Urban Institute of Ireland, Photo: Ros Kavanagh
The first international commission
Of the five original partners, only Farrell and McNamara stayed. Their first international commission away from their native Ireland transpired 25 years later, with Universita Luigi Bocconi in Milan (Milan, Italy 2008), which was awarded World Building of the Year at the 2008 inaugural World Architectural Festival in Barcelona.
Universita Luigi Bocconi, Photo: Federico Brunetti
Other international projects
Other international projects have since followed, with tantamount acclamation from the architectural community. University Campus UTEC Lima (Lima, Peru 2015) was awarded the inaugural RIBA International Prize 2016 by the Royal Institute of British Architects (RIBA). Institut Mines Télécom (Paris, France 2019) and Université Toulouse 1 Capitole, School of Economics (Toulouse, France 2019) were recently completed.

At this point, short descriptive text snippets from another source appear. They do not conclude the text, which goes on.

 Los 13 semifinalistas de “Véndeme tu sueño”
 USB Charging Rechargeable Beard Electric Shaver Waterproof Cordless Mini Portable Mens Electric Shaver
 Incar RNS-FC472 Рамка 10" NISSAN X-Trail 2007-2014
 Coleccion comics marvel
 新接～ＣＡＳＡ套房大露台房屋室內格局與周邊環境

University Campus UTEC Lima, Photo: Iwan Baan
They are Fellows of The Royal Institute of the Architects of Ireland and International Honorary Fellows of RIBA. They have previously held the Kenzo Tange chair at the Harvard Graduate School of Design (2010) and the Louis Kahn chair at Yale University (2011) and have taught at institutions including École Polytechnique Fédérale de Lausanne and Accademia di Architettura di Mendrisio, and lectured internationally.
La Biennale die Venezia
Grafton Architects was the recipient of the 2012 Biennale di Venezia Silver Lion Award for the exhibition, Architecture as New Geography. Farrell and McNamara were appointed as 2018 co-curators for the 16th International Architecture Exhibition, la Biennale di Venezia, with the theme FREESPACE. They were awarded the RIAI James Gandon Medal for Lifetime Achievement in Architecture by the RIAI in 2019 and the RIBA Royal Gold Medal in 2020.
About the Pritzker Architecture Prize
The Pritzker Architecture Prize was founded in 1979 by the late Jay A. Pritzker and his wife, Cindy . Its purpose is to honor annually a living architect or architects whose built work demonstrates a combination of those qualities of talent, vision and commitment, which has produced consistent and significant contributions to humanity and the built environment through the art of architecture.

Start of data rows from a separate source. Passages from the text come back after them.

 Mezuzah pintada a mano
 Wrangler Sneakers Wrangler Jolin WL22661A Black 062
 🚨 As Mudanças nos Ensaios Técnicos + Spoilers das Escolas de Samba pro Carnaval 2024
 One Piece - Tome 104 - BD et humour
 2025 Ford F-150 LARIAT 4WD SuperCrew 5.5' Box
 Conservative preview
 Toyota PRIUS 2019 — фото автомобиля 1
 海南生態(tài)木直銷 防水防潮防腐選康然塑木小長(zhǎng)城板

The laureate receives $100,000 and also a bronze medallion. The bronze medallion awarded to each Laureate of the Pritzker Architecture Prize is based on designs of Louis Sullivan, famed Chicago architect generally acknowledged as the father of the skyscraper. On one side is the name of the prize. On the reverse, three words are inscribed, “firmness, commodity and delight,” recalling Roman architect Vitruvius’ fundamental principles of architecture of firmitas, utilitas, venustas.